Because Charlotte is used to playing with marching band, Nostalgia, she is happy with a single guitar pan. In Leeds, because we don't march very often the single pan is often seen as either inferior because players think, as it has only nine notes, it must be in some way easy! Or they can't handle the fact that for some chords the root note is not an option, and sometimes neither is the third. Easy! Not at all!

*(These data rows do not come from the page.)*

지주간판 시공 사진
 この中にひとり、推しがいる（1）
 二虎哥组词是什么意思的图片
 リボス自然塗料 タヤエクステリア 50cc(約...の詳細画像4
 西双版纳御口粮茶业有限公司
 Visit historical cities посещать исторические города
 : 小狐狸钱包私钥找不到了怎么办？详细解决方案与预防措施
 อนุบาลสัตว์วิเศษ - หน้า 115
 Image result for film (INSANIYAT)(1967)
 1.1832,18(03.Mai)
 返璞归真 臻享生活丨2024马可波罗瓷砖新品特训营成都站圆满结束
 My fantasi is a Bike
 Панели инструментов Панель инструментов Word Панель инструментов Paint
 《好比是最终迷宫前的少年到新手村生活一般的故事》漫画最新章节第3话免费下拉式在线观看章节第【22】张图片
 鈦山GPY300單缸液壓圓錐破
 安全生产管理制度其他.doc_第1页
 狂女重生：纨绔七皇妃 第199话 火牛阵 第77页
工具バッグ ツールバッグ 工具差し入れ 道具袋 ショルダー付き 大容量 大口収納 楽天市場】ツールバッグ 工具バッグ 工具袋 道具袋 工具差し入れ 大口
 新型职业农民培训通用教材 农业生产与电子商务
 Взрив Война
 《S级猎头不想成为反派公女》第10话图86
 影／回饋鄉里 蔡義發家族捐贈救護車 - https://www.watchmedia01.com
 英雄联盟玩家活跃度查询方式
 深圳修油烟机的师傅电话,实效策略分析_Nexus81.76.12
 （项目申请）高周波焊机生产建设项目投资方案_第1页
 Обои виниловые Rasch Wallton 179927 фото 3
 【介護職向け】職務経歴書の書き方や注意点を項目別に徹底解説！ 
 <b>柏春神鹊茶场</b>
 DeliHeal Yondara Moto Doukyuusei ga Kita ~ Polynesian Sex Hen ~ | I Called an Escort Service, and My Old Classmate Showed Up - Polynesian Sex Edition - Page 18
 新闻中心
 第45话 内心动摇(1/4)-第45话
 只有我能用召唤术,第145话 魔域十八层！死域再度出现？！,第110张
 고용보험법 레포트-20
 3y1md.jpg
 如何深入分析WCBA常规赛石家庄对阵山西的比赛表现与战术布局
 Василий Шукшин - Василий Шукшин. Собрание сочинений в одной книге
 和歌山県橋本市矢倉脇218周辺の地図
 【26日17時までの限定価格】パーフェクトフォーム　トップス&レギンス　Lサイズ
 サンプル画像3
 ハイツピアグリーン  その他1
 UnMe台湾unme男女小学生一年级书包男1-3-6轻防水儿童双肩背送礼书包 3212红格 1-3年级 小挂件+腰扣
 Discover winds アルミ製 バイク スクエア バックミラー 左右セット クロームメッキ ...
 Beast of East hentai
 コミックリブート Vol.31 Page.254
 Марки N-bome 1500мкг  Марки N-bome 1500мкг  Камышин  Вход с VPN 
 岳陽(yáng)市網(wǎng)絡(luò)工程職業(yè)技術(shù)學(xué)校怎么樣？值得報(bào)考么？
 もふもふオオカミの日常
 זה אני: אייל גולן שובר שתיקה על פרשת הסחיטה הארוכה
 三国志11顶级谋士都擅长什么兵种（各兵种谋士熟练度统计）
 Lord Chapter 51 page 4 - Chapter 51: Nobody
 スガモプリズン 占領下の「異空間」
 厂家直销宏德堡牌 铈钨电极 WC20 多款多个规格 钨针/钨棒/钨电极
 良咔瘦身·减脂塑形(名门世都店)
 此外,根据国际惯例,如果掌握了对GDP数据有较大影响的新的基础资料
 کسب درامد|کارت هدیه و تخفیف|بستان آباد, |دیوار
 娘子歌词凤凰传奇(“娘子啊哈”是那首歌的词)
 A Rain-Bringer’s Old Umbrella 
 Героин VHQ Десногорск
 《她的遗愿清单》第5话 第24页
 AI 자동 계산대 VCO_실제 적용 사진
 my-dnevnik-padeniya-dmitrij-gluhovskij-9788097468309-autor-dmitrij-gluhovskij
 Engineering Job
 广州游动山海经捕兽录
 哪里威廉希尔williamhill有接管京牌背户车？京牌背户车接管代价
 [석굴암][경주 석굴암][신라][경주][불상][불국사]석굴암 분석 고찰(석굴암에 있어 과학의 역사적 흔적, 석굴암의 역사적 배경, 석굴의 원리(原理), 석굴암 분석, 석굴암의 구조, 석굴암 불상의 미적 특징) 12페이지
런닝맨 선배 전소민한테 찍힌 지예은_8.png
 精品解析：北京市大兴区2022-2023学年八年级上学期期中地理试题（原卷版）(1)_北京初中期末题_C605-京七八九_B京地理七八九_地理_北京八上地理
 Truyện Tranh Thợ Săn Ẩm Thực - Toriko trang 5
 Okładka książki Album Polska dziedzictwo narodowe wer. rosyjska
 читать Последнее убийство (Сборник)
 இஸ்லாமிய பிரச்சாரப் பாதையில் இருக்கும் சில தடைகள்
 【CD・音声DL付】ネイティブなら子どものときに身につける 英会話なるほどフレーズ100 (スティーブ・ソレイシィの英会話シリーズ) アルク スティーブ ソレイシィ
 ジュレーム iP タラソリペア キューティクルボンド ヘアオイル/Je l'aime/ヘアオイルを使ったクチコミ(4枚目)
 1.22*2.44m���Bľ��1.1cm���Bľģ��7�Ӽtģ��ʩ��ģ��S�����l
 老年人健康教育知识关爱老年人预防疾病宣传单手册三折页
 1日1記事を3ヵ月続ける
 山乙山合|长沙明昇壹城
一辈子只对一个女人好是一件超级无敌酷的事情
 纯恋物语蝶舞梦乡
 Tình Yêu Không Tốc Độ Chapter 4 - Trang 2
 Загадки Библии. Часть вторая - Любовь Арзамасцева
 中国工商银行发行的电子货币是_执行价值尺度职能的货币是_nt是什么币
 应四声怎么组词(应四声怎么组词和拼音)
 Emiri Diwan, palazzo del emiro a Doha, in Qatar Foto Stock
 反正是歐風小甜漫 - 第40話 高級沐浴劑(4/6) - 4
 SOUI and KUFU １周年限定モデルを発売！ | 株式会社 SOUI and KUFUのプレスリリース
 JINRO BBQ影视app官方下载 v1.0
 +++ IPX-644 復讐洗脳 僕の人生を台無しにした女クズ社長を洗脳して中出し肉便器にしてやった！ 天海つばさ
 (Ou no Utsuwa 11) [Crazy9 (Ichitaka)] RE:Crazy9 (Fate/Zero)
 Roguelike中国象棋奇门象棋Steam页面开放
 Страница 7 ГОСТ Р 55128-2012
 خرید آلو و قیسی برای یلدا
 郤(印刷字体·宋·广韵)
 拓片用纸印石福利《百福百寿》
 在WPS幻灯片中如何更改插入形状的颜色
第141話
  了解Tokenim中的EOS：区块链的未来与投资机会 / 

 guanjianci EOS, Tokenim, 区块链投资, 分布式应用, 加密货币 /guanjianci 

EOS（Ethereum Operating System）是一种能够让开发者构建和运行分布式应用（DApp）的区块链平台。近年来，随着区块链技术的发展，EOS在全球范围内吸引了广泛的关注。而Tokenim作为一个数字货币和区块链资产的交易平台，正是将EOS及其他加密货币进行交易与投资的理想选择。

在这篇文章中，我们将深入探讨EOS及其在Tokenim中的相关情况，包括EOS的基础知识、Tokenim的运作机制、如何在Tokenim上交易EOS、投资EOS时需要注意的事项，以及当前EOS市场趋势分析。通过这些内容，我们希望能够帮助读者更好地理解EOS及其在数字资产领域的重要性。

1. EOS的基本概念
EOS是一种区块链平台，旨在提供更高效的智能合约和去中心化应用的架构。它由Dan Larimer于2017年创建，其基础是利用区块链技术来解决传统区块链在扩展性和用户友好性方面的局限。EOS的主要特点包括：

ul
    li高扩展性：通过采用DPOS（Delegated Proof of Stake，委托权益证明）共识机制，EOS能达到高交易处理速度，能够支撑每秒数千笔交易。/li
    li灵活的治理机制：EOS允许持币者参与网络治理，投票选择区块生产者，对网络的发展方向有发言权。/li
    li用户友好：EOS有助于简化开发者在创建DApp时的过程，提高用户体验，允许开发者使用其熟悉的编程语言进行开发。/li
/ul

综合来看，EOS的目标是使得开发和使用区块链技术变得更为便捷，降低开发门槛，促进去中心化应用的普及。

I would like to thank Hilary, George and Mexican for this opportunity to play Carnival. It means an awful lot to us. I have been playing pans for over thirty years; Bex, Georgia, Wanda for over twenty years; the others today for over a decade. Between us, we have played some prestigious venues from Leeds Arena, Leeds Town Hall, Leeds Civic Hall, London Southbank Festival Hall, London Royal Albert Hall, Birmingham Conservatoire, Leeds Carnival mainstage and float, Manchester, Huddersfield this, that and the other. But, of all of them, playing your hometown Carnival is just the best. And, it has to be said, we were ace.
I know.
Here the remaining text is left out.